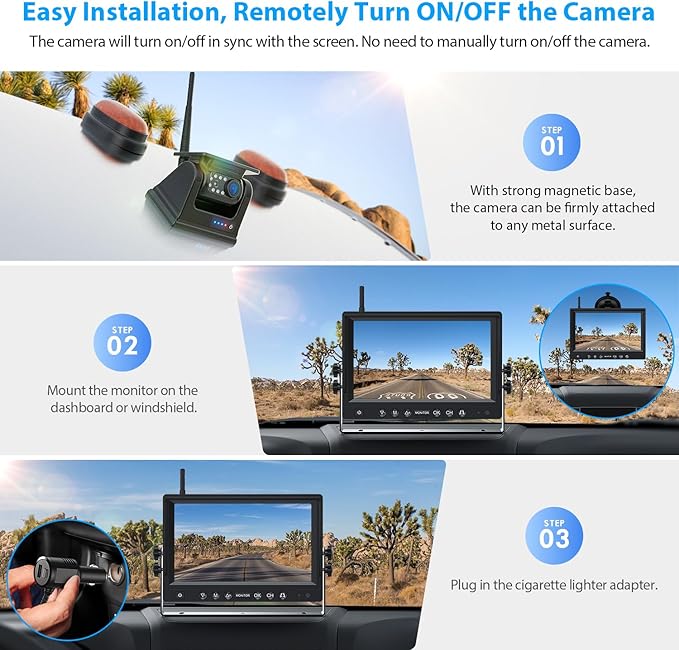 ZEROXCLUB 4 Magnetic Solar Wireless Backup Camera HD1080P 9" Loop Recording Monitor, Quad RV Rearview Backup Cameras Wireless System for Trailer RV Trucks, Built-in 9600mAh Solar Battery, BL904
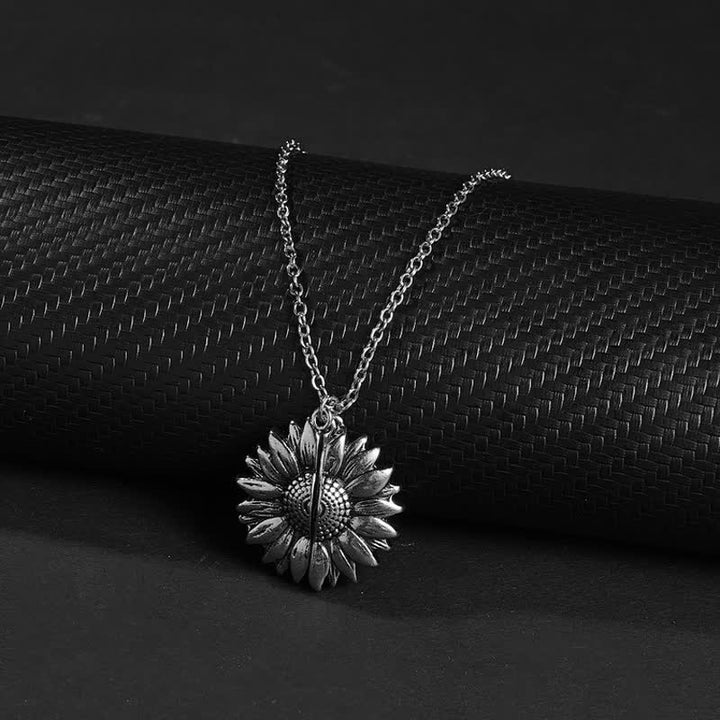Collier porte-clés avec pendentif médaillon tournesol vintage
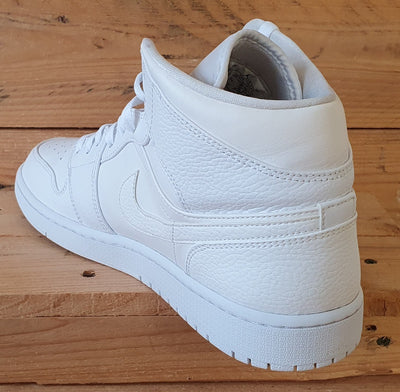 Nike Air Jordan 1 Mid Leather Trainers UK11/US12/EU46 554724-130 Triple White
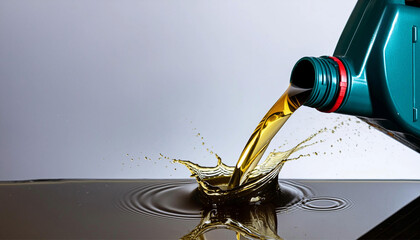 Industrial lubricating oil is poured out into a splash lubrication system/ oil reservoir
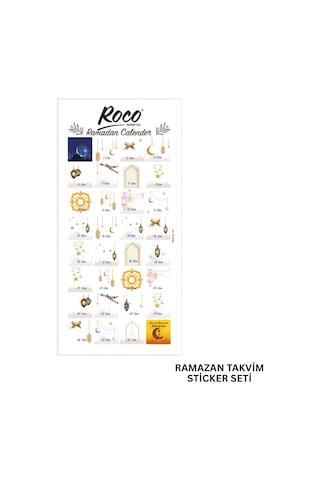 Roco Paper Ramazan Temalı Advent Takvim Sticker Seti - Dekoratif 30 Günlük Calender Etkinlik Çıkartma Seti Çok Renkli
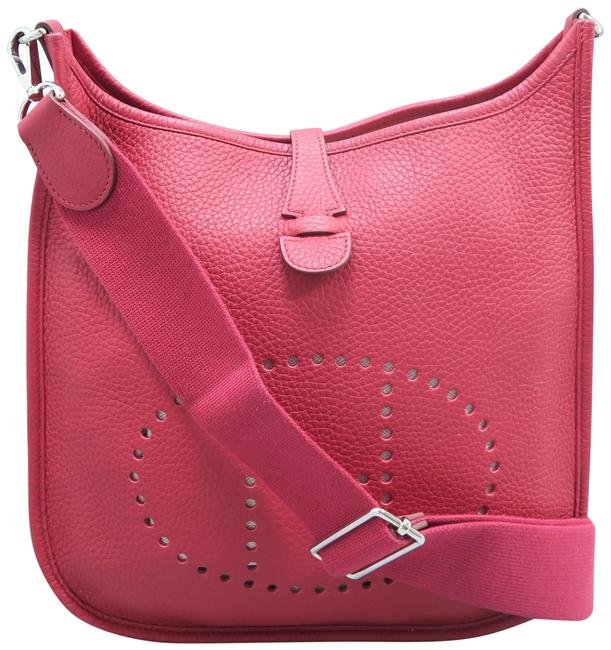 Hermes Evelyne Pm Iii Red Togo Cross Body Bag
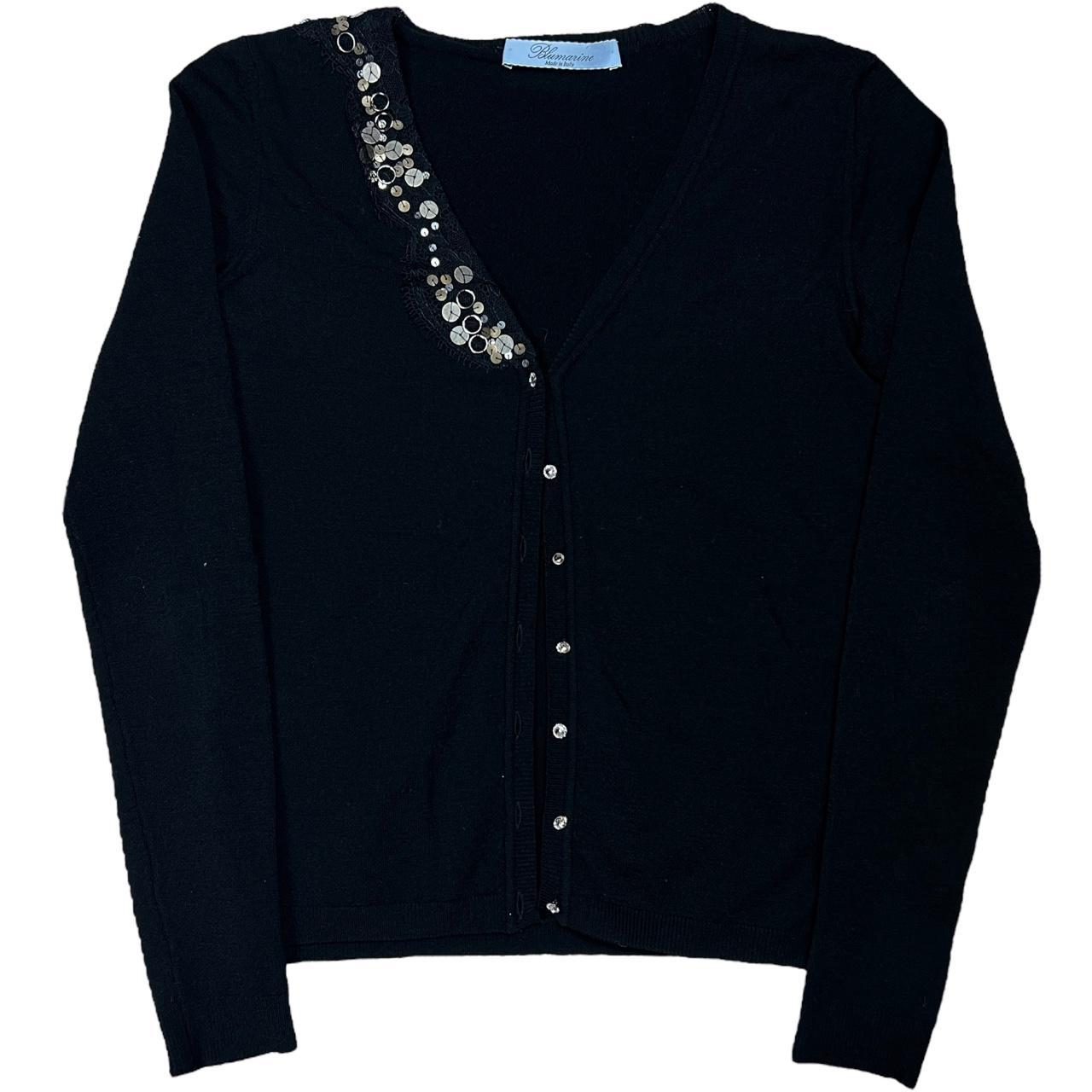 Blumarine Beaded Embellished Knit Top and Cardigan Set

WHAT YOU NEED TO DO >> Could you reproduce exactly, and only, the lines from the start of the records through the line containing "Industrial lubricating oil", leaving out the pictures?

ANSWER TO THIS EXERCISE >>
 ZEROXCLUB 4 Magnetic Solar Wireless Backup Camera HD1080P 9" Loop Recording Monitor, Quad RV Rearview Backup Cameras Wireless System for Trailer RV Trucks, Built-in 9600mAh Solar Battery, BL904
Collier porte-clés avec pendentif médaillon tournesol vintage
 Nike Air Jordan 1 Mid Leather Trainers UK11/US12/EU46 554724-130 Triple White
 Industrial lubricating oil is poured out into a splash lubrication system/ oil reservoir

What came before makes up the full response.